Except - they are more critical when there is a large amount of repeated interaction with that person or group. Because you start setting a "precedent" that creates either "more" or "less" pressure in the future. 



reachingshore said:


> The more I read about this fitness testing the more I am convinced the concept can be applicable to pretty much any kind of interpersonal interaction.
> 
> The peer pressure for instance. If you cave in to it despite your personal beliefs, you fail the test.
> 
> Am I right?


----------



## MEM2020 (Aug 23, 2009)

Not usually. She is really starting to irritate me. 

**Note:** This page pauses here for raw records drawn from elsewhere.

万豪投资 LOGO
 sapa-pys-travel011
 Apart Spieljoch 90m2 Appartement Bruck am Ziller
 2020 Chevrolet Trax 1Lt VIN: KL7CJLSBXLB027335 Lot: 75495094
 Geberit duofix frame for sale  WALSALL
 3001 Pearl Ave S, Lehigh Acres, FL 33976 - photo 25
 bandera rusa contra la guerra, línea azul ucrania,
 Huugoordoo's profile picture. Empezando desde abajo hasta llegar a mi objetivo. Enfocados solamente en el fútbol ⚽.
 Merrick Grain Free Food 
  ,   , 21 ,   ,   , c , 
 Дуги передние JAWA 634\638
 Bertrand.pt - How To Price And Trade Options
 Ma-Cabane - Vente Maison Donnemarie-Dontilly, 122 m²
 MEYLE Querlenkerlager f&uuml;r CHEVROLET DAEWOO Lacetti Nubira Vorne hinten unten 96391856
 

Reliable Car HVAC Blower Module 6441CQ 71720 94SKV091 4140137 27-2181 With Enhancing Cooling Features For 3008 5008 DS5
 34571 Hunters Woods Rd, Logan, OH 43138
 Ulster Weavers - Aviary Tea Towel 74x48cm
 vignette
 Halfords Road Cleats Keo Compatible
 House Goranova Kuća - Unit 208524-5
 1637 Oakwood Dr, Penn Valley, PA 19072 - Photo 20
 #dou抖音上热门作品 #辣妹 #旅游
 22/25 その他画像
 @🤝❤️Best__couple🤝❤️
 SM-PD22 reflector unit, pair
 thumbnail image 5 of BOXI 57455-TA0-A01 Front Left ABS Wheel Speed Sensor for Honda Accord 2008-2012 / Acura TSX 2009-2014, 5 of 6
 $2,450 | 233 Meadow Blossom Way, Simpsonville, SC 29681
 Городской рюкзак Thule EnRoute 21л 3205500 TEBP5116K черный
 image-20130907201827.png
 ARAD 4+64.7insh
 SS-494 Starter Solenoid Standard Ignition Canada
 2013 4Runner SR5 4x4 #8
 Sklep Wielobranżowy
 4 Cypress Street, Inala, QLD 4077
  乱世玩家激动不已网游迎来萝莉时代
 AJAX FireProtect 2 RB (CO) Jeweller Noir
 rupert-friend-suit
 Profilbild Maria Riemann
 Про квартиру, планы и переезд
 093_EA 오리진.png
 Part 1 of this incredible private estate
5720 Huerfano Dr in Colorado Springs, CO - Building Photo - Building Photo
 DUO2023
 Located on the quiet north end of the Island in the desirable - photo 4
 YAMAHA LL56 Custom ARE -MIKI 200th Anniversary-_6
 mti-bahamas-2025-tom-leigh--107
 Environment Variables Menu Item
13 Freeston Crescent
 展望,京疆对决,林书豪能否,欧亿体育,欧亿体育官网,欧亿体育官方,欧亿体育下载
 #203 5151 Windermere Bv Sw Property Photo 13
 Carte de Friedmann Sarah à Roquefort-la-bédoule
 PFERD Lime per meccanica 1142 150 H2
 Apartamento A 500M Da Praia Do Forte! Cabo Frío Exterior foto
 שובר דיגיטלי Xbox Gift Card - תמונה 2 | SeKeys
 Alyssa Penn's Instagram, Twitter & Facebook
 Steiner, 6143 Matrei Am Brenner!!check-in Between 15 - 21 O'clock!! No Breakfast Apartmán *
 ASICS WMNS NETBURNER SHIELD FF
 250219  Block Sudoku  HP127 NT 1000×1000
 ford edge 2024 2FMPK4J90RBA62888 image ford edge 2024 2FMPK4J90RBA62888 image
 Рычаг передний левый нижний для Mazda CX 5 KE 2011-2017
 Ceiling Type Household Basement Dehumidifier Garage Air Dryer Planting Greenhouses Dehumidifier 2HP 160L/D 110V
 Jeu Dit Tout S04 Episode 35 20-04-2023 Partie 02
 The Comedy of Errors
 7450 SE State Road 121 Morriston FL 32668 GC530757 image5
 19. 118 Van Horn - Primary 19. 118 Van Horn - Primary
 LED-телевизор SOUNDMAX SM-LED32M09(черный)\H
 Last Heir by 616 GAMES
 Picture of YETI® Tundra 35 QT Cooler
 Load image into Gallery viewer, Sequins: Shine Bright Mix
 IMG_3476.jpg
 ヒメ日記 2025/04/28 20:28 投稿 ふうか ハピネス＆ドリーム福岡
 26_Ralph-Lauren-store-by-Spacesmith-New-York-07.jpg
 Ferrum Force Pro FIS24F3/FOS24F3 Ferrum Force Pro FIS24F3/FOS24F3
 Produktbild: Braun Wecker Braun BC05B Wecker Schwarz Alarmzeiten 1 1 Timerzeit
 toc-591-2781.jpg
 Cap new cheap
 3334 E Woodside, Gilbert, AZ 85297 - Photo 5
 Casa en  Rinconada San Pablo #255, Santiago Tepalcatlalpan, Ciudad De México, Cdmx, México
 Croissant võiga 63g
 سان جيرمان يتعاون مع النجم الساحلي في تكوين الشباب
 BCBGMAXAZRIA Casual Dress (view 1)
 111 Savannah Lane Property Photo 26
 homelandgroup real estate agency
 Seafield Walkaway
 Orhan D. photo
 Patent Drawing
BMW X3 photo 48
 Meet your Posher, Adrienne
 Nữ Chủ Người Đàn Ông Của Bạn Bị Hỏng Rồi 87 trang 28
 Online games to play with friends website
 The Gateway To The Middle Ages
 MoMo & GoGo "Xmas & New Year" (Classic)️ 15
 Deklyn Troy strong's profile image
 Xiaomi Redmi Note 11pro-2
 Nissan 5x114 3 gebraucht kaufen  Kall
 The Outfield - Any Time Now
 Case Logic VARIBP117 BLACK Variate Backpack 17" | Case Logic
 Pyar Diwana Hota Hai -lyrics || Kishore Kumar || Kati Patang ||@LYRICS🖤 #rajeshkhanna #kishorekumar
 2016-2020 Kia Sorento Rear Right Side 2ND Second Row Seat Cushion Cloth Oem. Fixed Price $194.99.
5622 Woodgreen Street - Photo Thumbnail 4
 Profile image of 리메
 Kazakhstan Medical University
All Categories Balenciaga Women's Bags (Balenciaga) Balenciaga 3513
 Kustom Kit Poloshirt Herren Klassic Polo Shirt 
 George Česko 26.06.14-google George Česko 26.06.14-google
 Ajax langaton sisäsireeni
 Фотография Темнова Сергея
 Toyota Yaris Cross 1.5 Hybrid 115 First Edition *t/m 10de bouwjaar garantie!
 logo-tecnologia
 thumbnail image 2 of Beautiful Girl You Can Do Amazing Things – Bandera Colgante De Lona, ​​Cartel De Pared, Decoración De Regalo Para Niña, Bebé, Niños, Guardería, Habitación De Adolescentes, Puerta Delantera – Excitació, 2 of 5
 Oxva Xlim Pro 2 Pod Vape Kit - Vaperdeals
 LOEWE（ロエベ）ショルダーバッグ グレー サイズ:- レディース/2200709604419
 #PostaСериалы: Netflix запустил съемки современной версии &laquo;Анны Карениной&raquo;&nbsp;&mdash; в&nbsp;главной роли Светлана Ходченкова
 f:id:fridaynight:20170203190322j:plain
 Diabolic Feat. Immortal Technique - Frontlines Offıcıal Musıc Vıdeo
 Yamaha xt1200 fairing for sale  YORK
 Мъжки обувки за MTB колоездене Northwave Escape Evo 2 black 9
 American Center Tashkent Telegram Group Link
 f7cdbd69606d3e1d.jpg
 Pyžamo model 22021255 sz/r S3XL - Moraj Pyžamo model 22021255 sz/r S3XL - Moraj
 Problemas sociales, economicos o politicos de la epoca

I "know" her. The only type of "polite" conversation that would help would be one where I "compare" me and her in a way that is not favorable to her. That isn't nice. 

Instead I am going to let her travel back in time about 100,000 years with me for about an hour. 




vthomeschoolmom said:


> You really have to give this much thought to every interaction?


----------



## Mom6547 (Jul 13, 2010)

MEM11363 said:


> Not usually. She is really starting to irritate me.
> 
> I "know" her. The only type of "polite" conversation that would help would be one where I "compare" me and her in a way that is not favorable to her. That isn't nice.
> 
> Instead I am going to let her travel back in time about 100,000 years with me for about an hour.


I never understand what you are saying.


----------



## reachingshore (Jun 10, 2010)

vthomeschoolmom said:


> I never understand what you are saying.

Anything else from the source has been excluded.